Of course, running an exponential number of programs is highly intractible. A more efficient algorithm is to post a code golf on StackOverflow. A few drawbacks:
- It can take a few days before good results are found.
- It uses vast amounts of our most valuable computing resources, costing thousands of dollars in productivity loss.
- Results are produced with less frequency over time as resources are diverted to other computations.
- The algorithm terminates prematurely for many inputs, meaning it does not work in general.
Joey Adams
2010-08-19 15:07:01
Or you will soon hit a single program that runs forever, and you can't decide whether to stop it or let it run a few more seconds (decades).
rwong
2010-08-19 15:08:46
@rwong: Right, that's why you run them in parallel. For the many programs that do seem to run forever, they are allowed to keep running until a shorter solution is found (if ever).
Joey Adams
2010-08-19 15:12:43
I suppose it would be resonable to add another parameter to the function that specifies the maximum length of the Turing machine..so we could have a function that has a property like this perhaps ??? limit(t->inf)[limit(T_max->inf)[K_approx(t,S,T_max)]] = K
Tony
2010-08-19 15:15:25
Worms come to my mind ... (for those not familiar with code-golf: http://meta.stackoverflow.com/questions/20736/what-is-code-golf-on-stack-overflow)
rwong
2010-08-19 15:18:18
@Tony: As in, a space limitation, or a limitation of program length? You only need finite time to find the shortest program of a given running time (because they all terminate, duh). Less obviously, you only need finite time to find the shortest program using limited space. The latter is true because the halting problem is decidable for programs running in finite space (think about it). Thus, you can limit as running time -> infinity or as space -> infinity. You need not do both.
Joey Adams
2010-08-19 15:28:00
@Joey this would be a limitation in the maximum "size" of the Turing machines being checked. If I understand you, you are saying that given a finite set of TM's of a set max "size" you can always determine if the program will halt or not.. because the program doing the termination analysis can be "larger" than all of the TM's in question thus eliminating the possiblity of giving the termination analysis program itself as input. I know that one of the proofs for undecidablity involves giving a program itself as input.
Tony
2010-08-19 15:41:41
@Joey your proposed solution isn't really practical for real life. I can't run an infinite number of parallel turing machines in real life. Besides, I'm only looking for an approximation.
Tony
2010-08-19 16:27:01
@Joey: are you referring to http://en.wikipedia.org/wiki/State_space_enumeration ?
rwong
2010-08-20 11:02:25
A:
I think this might work? If somebody sees an error, please point it out.

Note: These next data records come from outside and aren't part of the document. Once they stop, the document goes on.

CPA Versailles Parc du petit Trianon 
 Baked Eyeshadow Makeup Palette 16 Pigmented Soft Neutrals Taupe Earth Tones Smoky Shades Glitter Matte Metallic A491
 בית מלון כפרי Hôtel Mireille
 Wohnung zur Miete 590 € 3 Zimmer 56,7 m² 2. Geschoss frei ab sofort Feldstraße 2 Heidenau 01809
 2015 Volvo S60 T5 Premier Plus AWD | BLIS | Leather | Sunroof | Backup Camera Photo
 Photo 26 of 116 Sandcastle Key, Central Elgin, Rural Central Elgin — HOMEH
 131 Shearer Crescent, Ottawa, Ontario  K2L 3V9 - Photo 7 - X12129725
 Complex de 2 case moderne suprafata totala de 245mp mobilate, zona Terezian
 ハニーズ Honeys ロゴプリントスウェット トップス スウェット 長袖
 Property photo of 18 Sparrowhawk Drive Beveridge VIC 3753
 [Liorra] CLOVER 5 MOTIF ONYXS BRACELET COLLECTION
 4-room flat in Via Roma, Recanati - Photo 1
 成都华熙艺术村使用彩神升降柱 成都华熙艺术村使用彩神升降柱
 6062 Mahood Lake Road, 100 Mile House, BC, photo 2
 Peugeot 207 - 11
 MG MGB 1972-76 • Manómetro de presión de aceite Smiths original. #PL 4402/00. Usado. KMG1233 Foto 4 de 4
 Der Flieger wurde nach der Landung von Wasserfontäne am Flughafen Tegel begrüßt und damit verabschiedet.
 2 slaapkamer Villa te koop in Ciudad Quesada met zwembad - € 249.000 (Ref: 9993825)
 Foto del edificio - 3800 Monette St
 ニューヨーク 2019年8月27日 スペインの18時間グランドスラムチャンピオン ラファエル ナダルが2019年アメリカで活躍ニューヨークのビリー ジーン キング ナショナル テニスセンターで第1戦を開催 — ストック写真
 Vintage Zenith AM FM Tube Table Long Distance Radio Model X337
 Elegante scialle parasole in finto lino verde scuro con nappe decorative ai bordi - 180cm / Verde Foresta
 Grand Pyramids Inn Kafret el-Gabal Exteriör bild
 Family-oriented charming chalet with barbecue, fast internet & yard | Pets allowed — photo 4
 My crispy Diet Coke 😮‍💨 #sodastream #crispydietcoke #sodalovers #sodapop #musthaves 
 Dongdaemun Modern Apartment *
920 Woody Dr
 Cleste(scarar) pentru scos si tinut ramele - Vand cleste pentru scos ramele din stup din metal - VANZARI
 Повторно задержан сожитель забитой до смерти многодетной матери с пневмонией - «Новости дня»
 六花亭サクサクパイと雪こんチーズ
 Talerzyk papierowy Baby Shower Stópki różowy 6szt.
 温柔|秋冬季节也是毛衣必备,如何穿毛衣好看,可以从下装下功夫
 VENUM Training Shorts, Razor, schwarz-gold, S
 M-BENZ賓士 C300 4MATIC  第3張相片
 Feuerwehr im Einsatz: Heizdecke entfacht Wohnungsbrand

function KApprox(S:string,t:integer,TapeSizeMax:integer) : Turing Machine of size k
begin
// An abstract data type that represents a turing machine of size k
var TM(k:integer) : Turing Machine of size k;
var TMSmallest(k:integer) : Turing Machine of size k;
var j : integer;
var i : integer;
for (j = t to 0 step -1) // reduce the time counter by 1
begin
for (i = TMax to 1 step -1) // go to the next smaller size of TM
begin
foreach (TM(i)) // enumerate each TM of size i
begin
if (TM(i).halt(TapeSizeMax) == true) and (TM(i).output() == S) then
begin
if (sizeof(TM(i)) < sizeof(TMSmallest(i))) then
TMSmallest(i): = TM(i);
end;
end;
end;
end;
return TMSmallest;
end;
Tony
2010-08-19 15:56:12
The problem now is that there is no such thing as the `halts()` function. You can write one that works for some machines, but not all of them.
Gabe
2010-08-19 17:10:31
@ok, so I specified that the halts function will work for only thoes machines that are of size TMax. hence .halts(TMax)
Tony
2010-08-19 17:23:18
But you can't write a `halts()` function for TMax > 4. See http://mathworld.wolfram.com/HaltingProblem.html
Gabe
2010-08-19 17:32:35
Ok, then will have to restrict the tape size of the TM...TM.halts(TapeSizeMax) == true.
Tony
2010-08-19 18:08:14
+1
A:
The wikipedia page for Kolmogorov complexity has a subsection entitled "Incomputability of Kolmogorov complexity", under the "Basic results" section. This is not intended to be a basic measure that you can compute, or even approximate productively.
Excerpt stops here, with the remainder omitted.